There were plenty of hiccups along the way, as we had to balance risk in a different way than we normally do during standard operations. For example, we deployed new server code to production with less canary baking time than normal because it contained some performance fixes that bought us additional time before we were due to run out of available regional capacity.
One of the most crucial skills we honed throughout this two month-long endeavour was the ability to catalog, quantify, and qualify risks and payoffs in a way that was flexible. Everyday, we learned new information about COVID-19 lockdowns, new customers’ plans to start using Meet, and available production capacity. Sometimes this new information made obsolete the work we’d started the day before.
Time was of the essence, so we couldn’t afford to treat each work item with the same priority or urgency, but we also couldn’t afford not to hedge our own forecast models. Waiting for perfect information wasn’t an option at any point, so the best we could do was build out our runway as much as possible, while making calculated but quick decisions with the data we did have.

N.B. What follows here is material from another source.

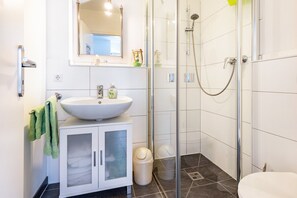 Douche, sèche-cheveux, serviettes fournies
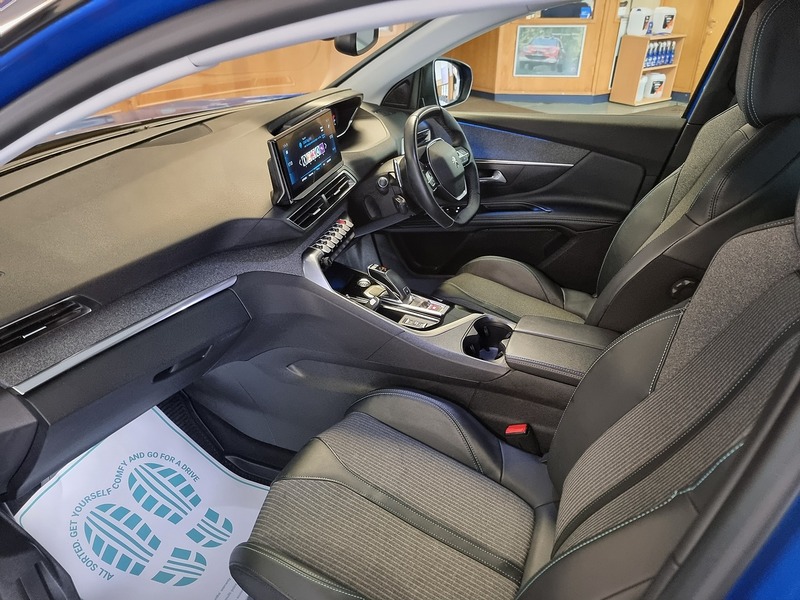 Peugeot 3008 1.2 PureTech Allure Premium SUV 5dr Petrol EAT Euro 6 (s/s) (130 ps) - U305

All of this work was only possible because of the savvy, collaborative, and versatile people across a dozen teams and as many functions—SREs, developers, product managers, program managers, network engineers, and customer support—who worked together to make this happen.
We ended up well-positioned for what came next: making Meet available for free to everyone with a Google account. Normally, opening the product up to consumers would have been a dramatic scaling event all on its own, but after the intense scaling work we’d already done, we were ready for the next challenge.